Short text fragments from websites
=== Begin Enclosure ===
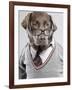 Dog in Sweater and Glasses-Justin Paget-Framed Photographic Print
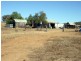 Bonshaw NSW 2361
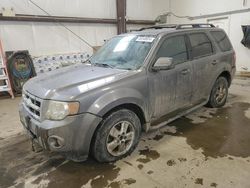 Salvage cars for sale at Nisku, AB auction: 2009 Ford Escape XLT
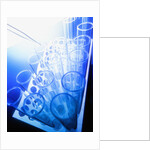 Test Tubes in Tray by Anonymous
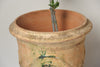 Pair Authentic Handcrafted Anduze Planters dated 2010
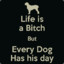 EVERY DOG HAS A DAY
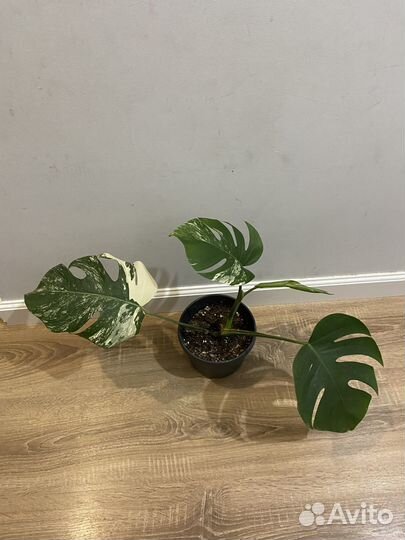 Монстера Альба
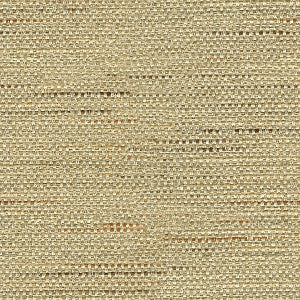Kravet Basics 33135-106 by Kravet Basics Designer Fabric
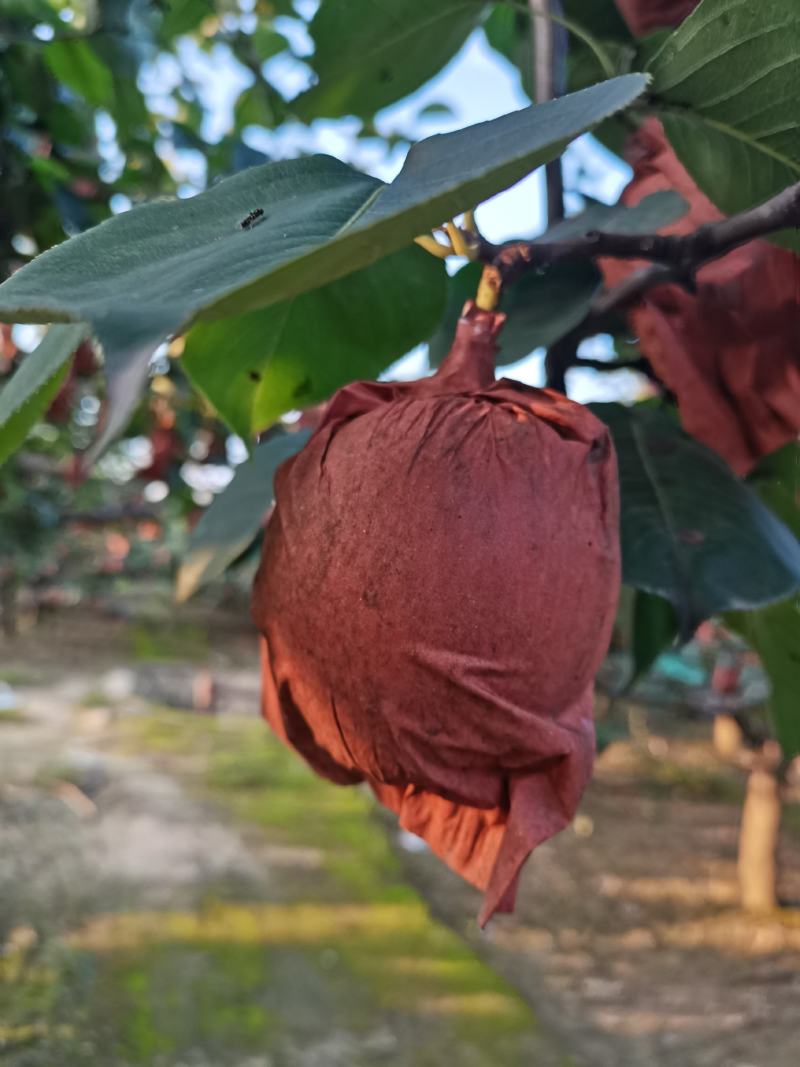自家果园种植户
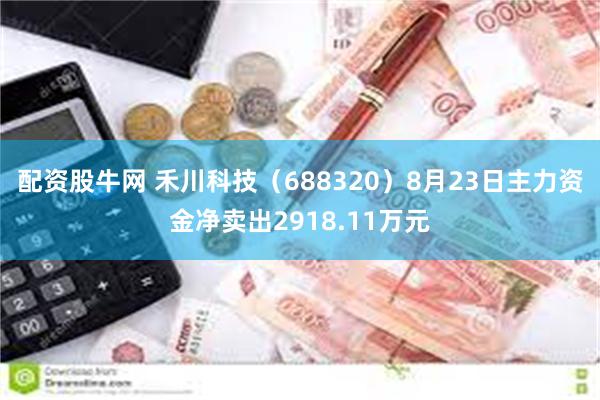 配资股牛网 禾川科技（688320）8月23日主力资金净卖出2918.11万元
=== End Enclosure ===
• _TASK DETAILS_:
Give a verbatim transcription of the entries, leaving out the pictures.

• _RESULT FOR THIS EXERCISE_:
 Dog in Sweater and Glasses-Justin Paget-Framed Photographic Print
 Bonshaw NSW 2361
 Salvage cars for sale at Nisku, AB auction: 2009 Ford Escape XLT
 Test Tubes in Tray by Anonymous
 Pair Authentic Handcrafted Anduze Planters dated 2010
 EVERY DOG HAS A DAY
 Монстера Альба
Kravet Basics 33135-106 by Kravet Basics Designer Fabric
自家果园种植户
 配资股牛网 禾川科技（688320）8月23日主力资金净卖出2918.11万元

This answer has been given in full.